Timeouts/connection closed errors with benchmark tests #122

Open
demuskov opened this issue May 16, 2018 · 5 comments
Open

Timeouts/connection closed errors with benchmark tests #122

demuskov opened this issue May 16, 2018 · 5 comments

Comments

@demuskov
Copy link

Hi!
I'm trying to make env for handle, for example 5-7k connections. I'v read (#12), but do not able to reproduce that success story.

Socket/files limits is 500000 on the poxa-machine. Erlang and Elixir versions are (Install instructions from https://gist.github.com/rubencaro/6a28138a40e629b06470):

  • Erlang/OTP 20 [erts-9.3] [source] [64-bit] [smp:8:8] [ds:8:8:10] [async-threads:10] [hipe] [kernel-poll:false]
  • Elixir 1.6.4 (compiled with OTP 19)

There is no errors on that side (console log contains just correct messages).
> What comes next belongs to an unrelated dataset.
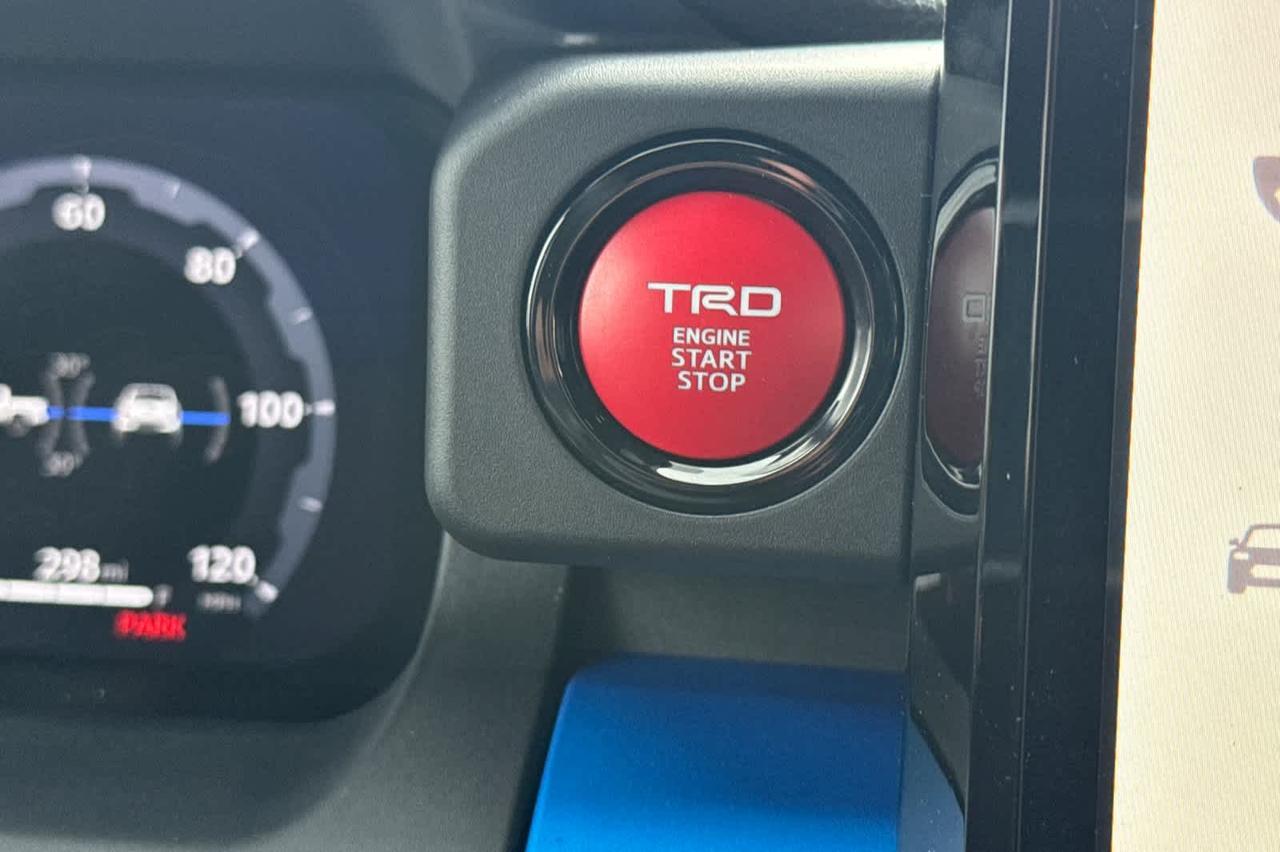 2026 Toyota Tacoma TRD Sport Roseville CA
But on the other side(s) (where benchmark started) I have errors:

Running with n = 600
** (EXIT from #PID<0.74.0>) an exception was raised:
    ** (MatchError) no match of right hand side value: {:error, :closed}
    ~/deps/websocket_client/src/websocket_client.erl:150: :websocket_client.receive_handshake/3
    ~/deps/websocket_client/src/websocket_client.erl:137: :websocket_client.websocket_handshake/2
    ~/deps/websocket_client/src/websocket_client.erl:89: :websocket_client.ws_client_init/7
    (stdlib) proc_lib.erl:247: :proc_lib.init_p_do_apply/3

or:

Running with n = 400
Terminated
Terminated
Terminated
Terminated
Terminated
Terminated
Terminated
** (EXIT from #PID<0.74.0>) an exception was raised:
    ** (MatchError) no match of right hand side value: {:error, :timeout}
        connect.exs:14: Worker.handle_info/2
        (stdlib) gen_server.erl:616: :gen_server.try_dispatch/4
        (stdlib) gen_server.erl:686: :gen_server.handle_msg/6
        (stdlib) proc_lib.erl:247: :proc_lib.init_p_do_apply/3

I think, that I'm missing something and any help is appreciate.
Thanks.

@edgurgel
Copy link
Owner

Hey @demuskov thanks for opening this issue. I will give it a try on this benchmark again this weekend. Thanks for opening this issue

@demuskov
Copy link
Author

Thanks, Eduardo!
Btw, I think, that cowboy connection limits somehow exhausted. And if you trying to look through poxa web console - you eventually get unresponsive poxa endpoint.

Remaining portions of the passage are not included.